Authorization is the process by which client permissions are verified prior to accessing a resource. This occurs after successful authentication. It's important to implement the principle of least privilege and role-based access control. SinceArcGIS Desktop application architecture traditionally involves interaction between the client desktop and a centralized source such as a relational database management system (RDBMS), it's important to consider how privileges are granted at the database levels. User privileges can be set at different levels, such as the following:

  • Database management system (DBMS)
    • Privileges at this level affect the entire database management system. Generally, this is applied only to database administrators who may need to access and manage all objects in the system.
  • Database
    • Privileges at this level determine what a user or group of users can do in the geodatabase.
  • Geodatabase version
  • Dataset

Encryption

Encryption is the process of transforming data so it's unreadable by those without a decryption key.

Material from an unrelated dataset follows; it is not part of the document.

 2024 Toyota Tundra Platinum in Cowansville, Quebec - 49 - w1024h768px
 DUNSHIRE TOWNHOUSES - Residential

  • Encrypt data in transit using HTTPS (TLS 1.2 and later) for all communication inbound and outbound from the desktop client.
    • Use existing certificate infrastructure and trusted certificates signed by a trusted third-party certificate authority.
  • Encrypt data at rest (as feasible).
    • For workstations, consider using full disk encryption.
    • For databases, consider using Transparent Data Encryption (TDE).
    • For file repositories, consider using full disk encryption.
  • Ensure the use of strong encryption algorithms.
    • Cryptography is a constantly changing field, and older algorithms will continue to be found unsafe.
    • Monitor standard bodies such as NIST for recommendations.

Logging and auditing

Logging involves recording events of interest from a system. Auditing is the practice of inspecting those logs to ensure the system is functioning desirably or to answer a specific question about a particular transaction that occurred.

  • Log events such as successful logins, failed logins, and other events as directed by organizational policy.
  • Consider logging at the application, operating system, and network levels.
  • Consider using an enterprise security information and event management solution to perform analysis and correlation of the events. This will aid in identifying potential malicious activity.

Hardening

Hardening is the process of securely configuring systems to mitigate as many security risks as possible. The attack surface can be minimized on a given system by doing the following:

  • Implementing application-level hardening such as the guidance mentioned above.
  • Removing unnecessary software.
  • Disabling unnecessary services.
  • Using a security-hardened image. ArcGIS Desktop and ArcGIS Pro products are self-certified according to the United States Government Configuration Baseline (USGCB, formerly FDCC).